* _Exercise prompt_: All of the data needs to be printed again, exactly as written.

*** Information supplied ***

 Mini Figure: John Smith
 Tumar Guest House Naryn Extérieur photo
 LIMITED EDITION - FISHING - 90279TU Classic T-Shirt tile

*** End of Information supplied ***

* _Answer for this exercise_:
 Mini Figure: John Smith
 Tumar Guest House Naryn Extérieur photo
 LIMITED EDITION - FISHING - 90279TU Classic T-Shirt tile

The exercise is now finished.